La création d’un espace commun de dialogue avec les forces politiques, pouvant déboucher sur l’action, est donc nécessaire. Sans reproduire une forme de soumission, ou encore moins un pacte secret avec les décisionnaires politiques.
Deux expériences récentes ont montré cependant la difficulté de l’entreprise dans un contexte de recul général des perspectives émancipatrices.
Thomas SAMSON / AFP (manif La Fête à Macron)
Le 26 mai 2018, ce fut la journée appelée « La Fête à Macron ». Au moment où le conflit des cheminots contre la désagrégation de leur statut avait suscité un soutien unitaire de toutes les organisations politiques de gauche et écologistes, un pas en avant avait été proposé par la Fondation Copernic : une manifestation commune dans toute la France. Le succès était limité, peut-être parce que la dimension alternative n’était pas au premier plan. Par la suite, la question d’un Forum commun a été évoquée. Mais le projet s’est ensablé, surtout faute de relai syndical.
Au printemps 2020, le Collectif Plus jamais ça a vu le jour, faisant converger 18 organisations syndicales et associatives. Il a très vite porté au débat public 34 propositions, dans une synthèse entre le social et l’écologie. En mai 2020, le collectif propose aux forces politiques un échange, en espérant un soutien public. Mais ce soutien n’est pas venu, chacune des « grandes » organisations politiques privilégiant alors son propre agenda. Ce fut une douche froide.
Ces deux expériences peuvent expliquer une certaine prudence.
Pour qu’un espace pérenne soit possible, sans doute faut-il respecter quelques règles communes. Le pluralisme politique est bien sûr la condition première. Mais il peut y en avoir d’autres :
-respecter les calendriers et les contraintes des uns et des autres.
– trouver la bonne manière d’agir pour ne mettre personne en porte-à-faux. Décider une manifestation n’a pas le même sens ou les mêmes contraintes pour un syndicat, une association et une force politique. Notamment lorsque le syndicalisme est déjà engagé dans un processus d’action.

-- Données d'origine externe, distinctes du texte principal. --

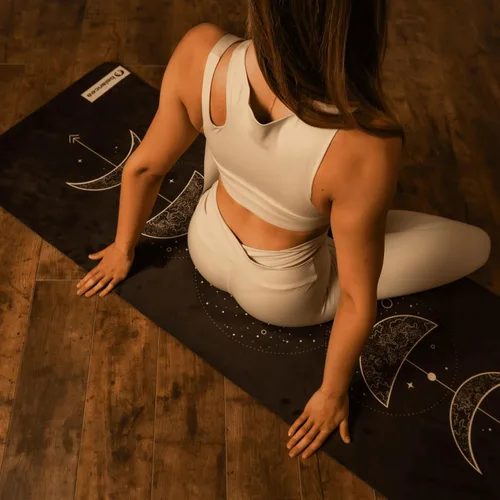 Vista 6 de Tapete de yoga con correa de 5 mm antideslizante de gamuza y TPE - Tapete ecológico para fitness y ejercicio para gimnasio en casa, pilates, yoga
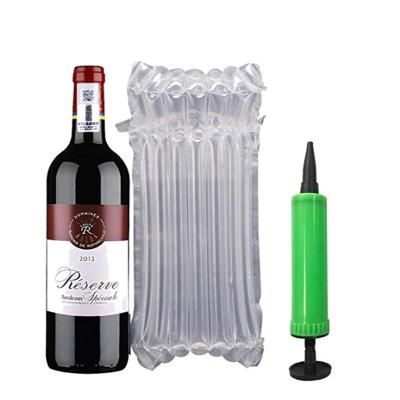 China PE & Nylon Wholesale Customized Bubble Air Column Cushion Plastic Inflatable Packaging Bag For 750ml Wine Bottle Protection for sale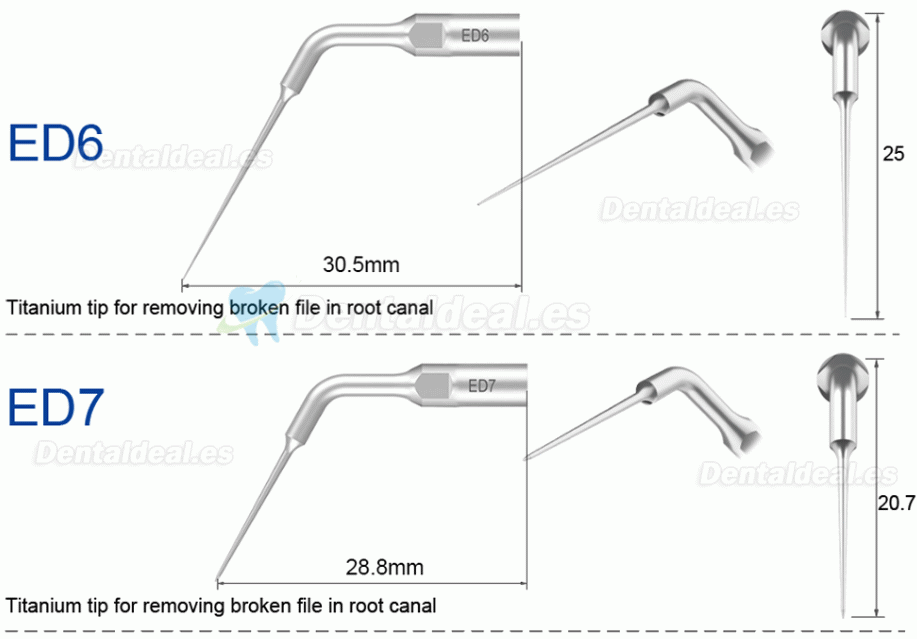 10Pcs Refine Punta de ultrasonidos endodoncia E3D E4D E5D E10D E11D E12D E14D E15D compatible con Woodpecker EMS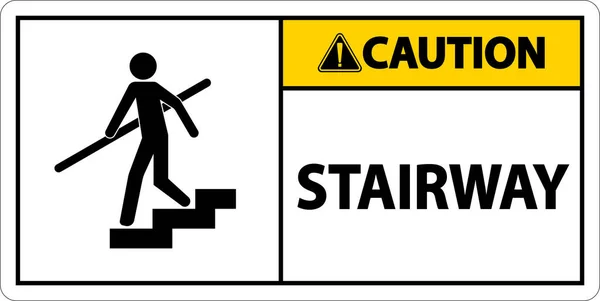 Caution Stairway Sign White Background — стоковый вектор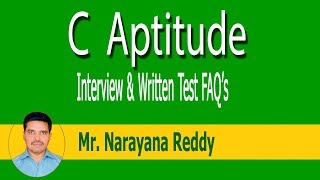 C Language Tutorial || C Technical Aptitude for Interview and Written Test part-1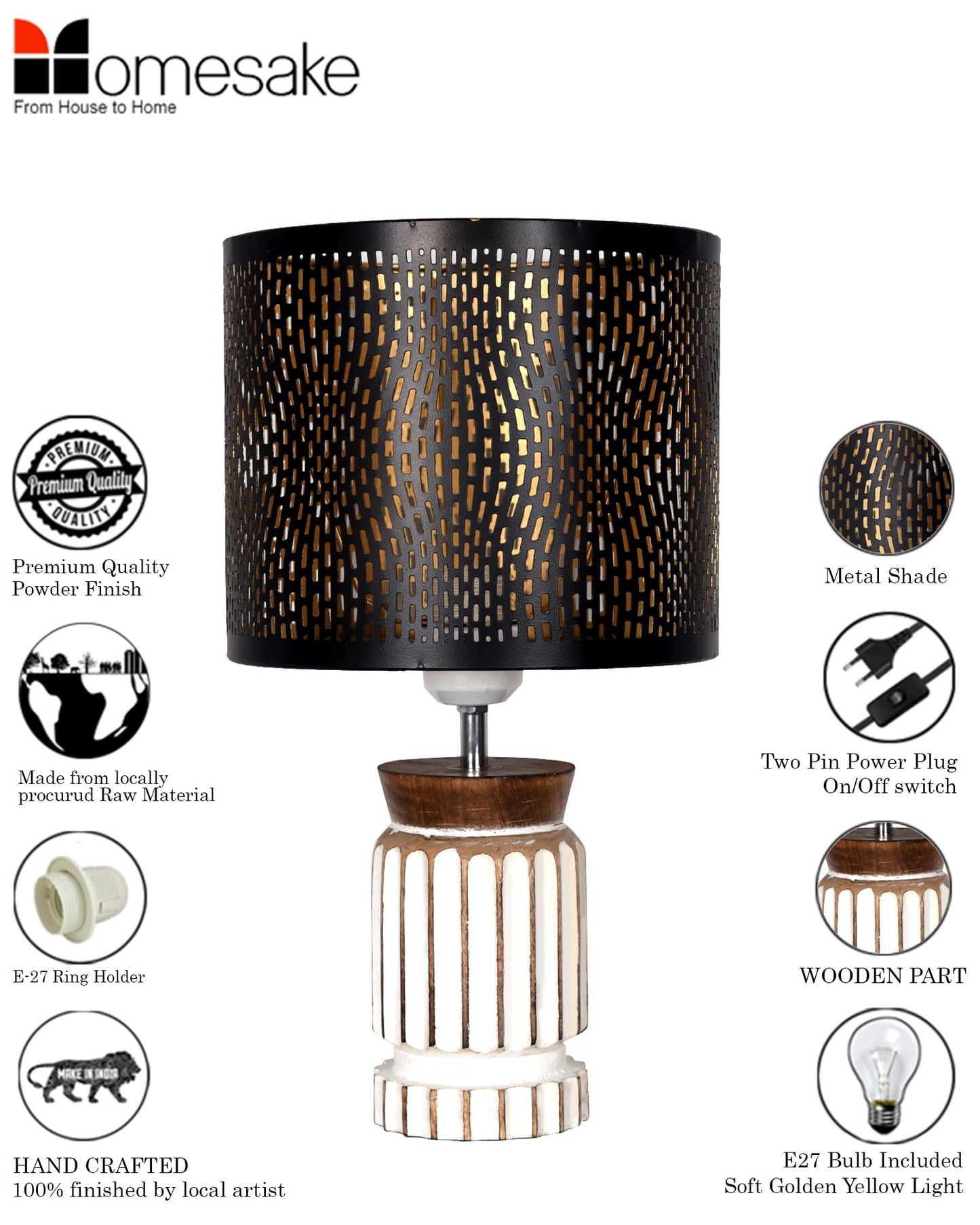 Homesake® Retro Farmhouse Table Lamp Wooden Base for Living Room Bedroom Rustic Linen Bedside Nightstand Lamps for Kids Room Study Office Home Decor Metal Shade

Il y a nécessité aussi de prendre le temps du débat sur le fond. Par exemple les débats qui ont surgi à la Fête de l’Humanité sur le « travail » et « l’assistance sociale » n’a pas le même sens sur le plan strictement politique (gagner des électeurs qui désertent le vote de gauche) ou sur le plan syndical : quelles sont les aspirations des salarié-es dans le travail « concret » d’aujourd’hui ? Quelle démocratie au travail ? Comment les jeunes vivent leur rapport au travail avec une exigence de sens pouvant aller jusqu’à la démission d’un CDI pour s’engager différemment et ailleurs ? Le collectif des Ateliers Travail et Démocratie (une assemblée a eu lieu le 24 septembre à la Bourse du travail de Paris), où participent universitaires et syndicalistes, visent à poser ces débats. Le rapport au travail devient progressivement un enjeu de premier ordre pour que le syndicalisme retrouve un espace d’écoute auprès des travailleurs et des travailleuses de tous âges.
La construction d’un langage commun pour une alternative désirable est un défi de grande ampleur à l’heure où le macronisme est repoussé et affaibli, mais où l’extrême-droite marque des points dans les couches populaires. Nous n’avons pas le droit à l’erreur.
Le groupe d’animation de Syndicollectif. 26-09-2022.